Go beyond the gangster glamorama though and Come Find Yourself reveals itself as a more personal proposition. In his youthful folly, lyricist Huey was caught by the fuzz for selling “Sherbet” whilst inside “Someone Else’s” vehicle. Judge Reinhold decreed he could choose either a) “Stop! Slammertime!” or b) “Join the US Marines”. He chose the latter. Bandmate Fast said this basically “fucked him all up”. The fallout from this is the heart of FLC’s debut and is retold particularly vividly on “The Grave and the Constant”. “They put me together, tougher than leather,” Morgan recalls over breezy, wistful Steely Dan grooves, “No place to go but down.” The same ghosts haunt the bitter ‘n’ bruised “Crime & Punishment”, which crackles with the chainbreakin’ riff from Cream’s “Sunshine of Your Love” and spits, “It’s fucked up what the federal has laid on me / To choose between the lesser of two evils.” It’s a “Heart of Darkness” devil’s brew. “I pity the punks that partake in the madness.” The saddest song though is the sombre “Methadonia” where our travellin’ man returns home to witness lines of pacified zombies queuing up for their “Liquid orange friend”. It’s bleakly sobering. These are Johnny Cash-style, hard knocks laments in stark contrast to the “Bikinis, Blow and Bollinger” Bon Vivants who later partied to UK #5 with their 2001 smash “Loco”.
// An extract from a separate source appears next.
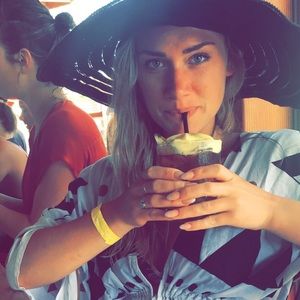 Meet your Posher, Caitlin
Away from the silver screen saviours, it’s dog eat dog on these dirty boulevards but the tone rarely lacks spirit or wit. The whispering title track blooms as a blue sky, motivational mantra. “I’ll be damned if the man’s gonna spill me,” it boasts. Mariachi horns soothe through the mellow highs of “Smoke ‘Em” too, which comes rolled with a Glen Campbell twist. Elsewhere “Passive/Aggressive” could be a drinking buddy of Snoop’s low riding “Gin & Juice” albeit with intermittent blasts of facemeltin’ guitar. Our narrator floats by the block sipping on Rolling Rock and pissing against the walls of the “bullshit system”. Dreams of sticking it to the man prevail. There’s even a “What’s Goin’ On” moment in “I Can’t Get With That” where Huey marches amongst “the wise”, “the Suckers”, “the hoes and the hustlers” and calls out the “racist motherfuckers” who run the game. Amusingly the music itself though is a woozy ol’ looped sample ripped from a porno film.

Originally Come Find Yourself was indeed recorded with so many samples their unamused record company spontaneously combusted and demanded the trio recreate each sample themselves. It remains though a record buzzing with a ‘melting pot’ passion for music and enough lawless, wired energy to rifle the pockets of hip-hop, hard rock, jazz and blues. There’s even a shaggy but sweet slow row through Louis Armstrong’s “We Have All the Time in the World”. Only once does it induce “Cringeface” and that’s during the clumsy “Bear Hug”. Rowdy rubbish reminiscent of Onyx’s ’93 machismo jam “Slam” and this album’s way of slipping a horse’s head under your duvet. Disturbing and messy.

Twenty years on it’s certainly worth finding Yourself again. Though Fun Lovin’ Criminals’ subsequent albums would retain much of the charms, none would quite have this first heist’s sense of depth or dizzying, ‘devil may care’ dare. The band may’ve gatecrashed the Britpop blow-up with the ambition to “just have a good time and forget the fact that the rent’s due” but this is more than just another fairytale of New York.